Today marks my 14th professional anniversary.
What a journey.
I look back at my top 3 achievements and I am pretty proud of myself:
- Founded and sold two SaaS companies (Momenteo, Propulse);
- Freelanced for awesome clients (Connect&Go, Nestlé, AXA, CBS, AMF);
- Worked for world-class companies (IBM, Microsoft)
I must admit that I had it rough after I sold my last company. I thought it would be easier to let go. I felt empty for a couple of weeks. Some kind of void that you can't fill with all the money in the world.
But something unexpected happened.
A friend of mine introduced me to the CEO of a unique company in my city, and after a couple of good chats with that CEO, I knew I wanted to work with that man. And so I joined his world-class scaleup as their CTO.

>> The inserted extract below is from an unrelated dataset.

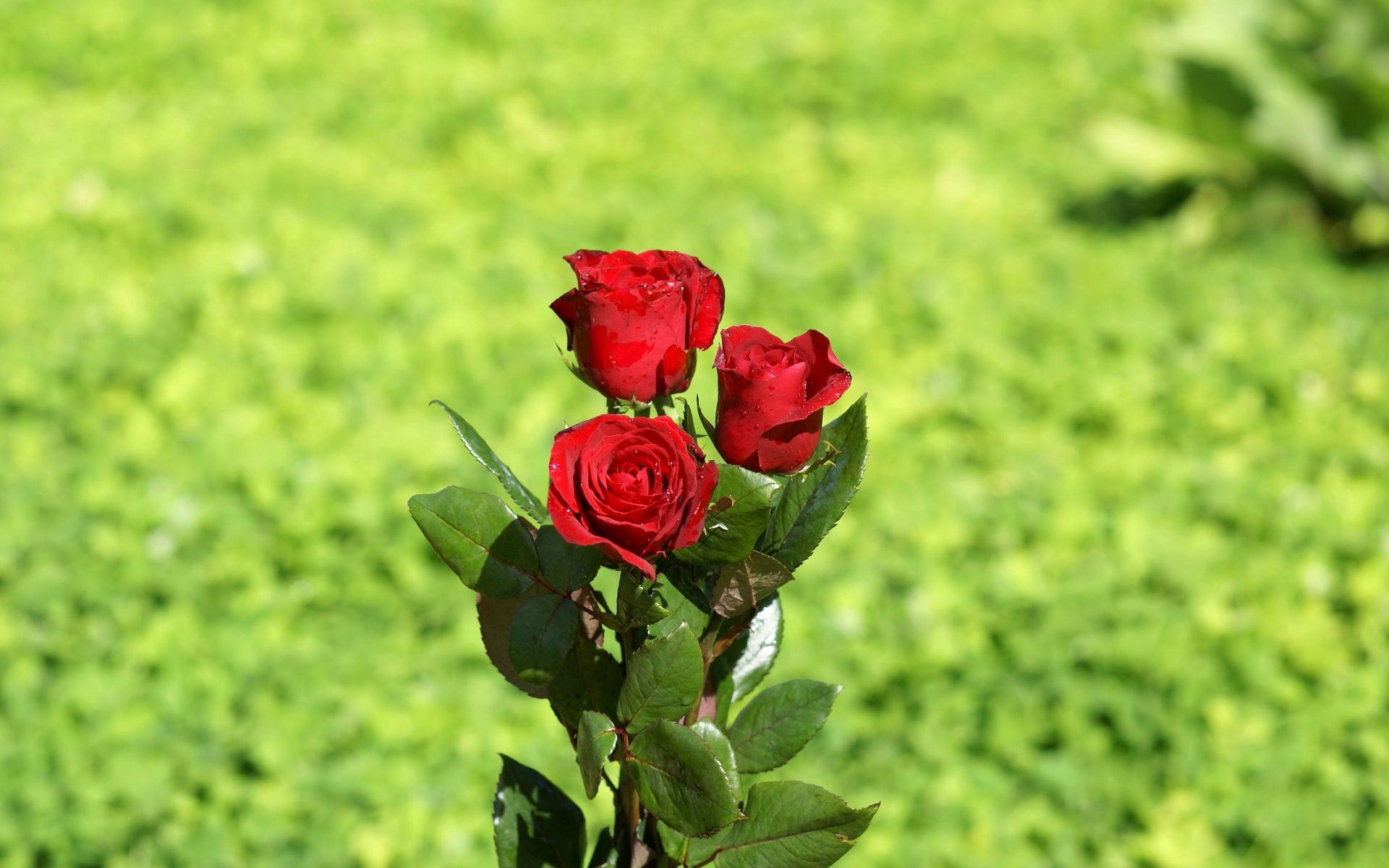Laden Sie das Blumen, Roses, Drops, Grünen, Grüne, Strauß, Bouquet-Bild kostenlos auf Ihren PC-Desktop herunter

What a year. One of the most intense, interesting, inspiring and educative year I ever had. I had the pleasure, fun, and privilege to work with people I admire. This was a once in a lifetime opportunity.
But then, during last summer, I started to mentor young entrepreneurs. And as every epiphany moment, I had a glimpse of my soul and what drives me to push forward. When I finally got home that night, I couldn't sleep at all.
I took one of my sharpies and started to write on my windows (I am lucky enough to have around 150 square foot of windows in my living room/office). After much drawings and guessing and whatnot, I saved the last window for something meaningful.
I started to write down those words, without even knowing what I wanted to do: What drives me? I underlined the word "me" like 7 times before starting to write something on that list.
- Generating ideas and building prototypes
- Designing a business around an idea
- Structuring and growing a SaaS company
Strangely, "Working at someone else's business" was not on that list.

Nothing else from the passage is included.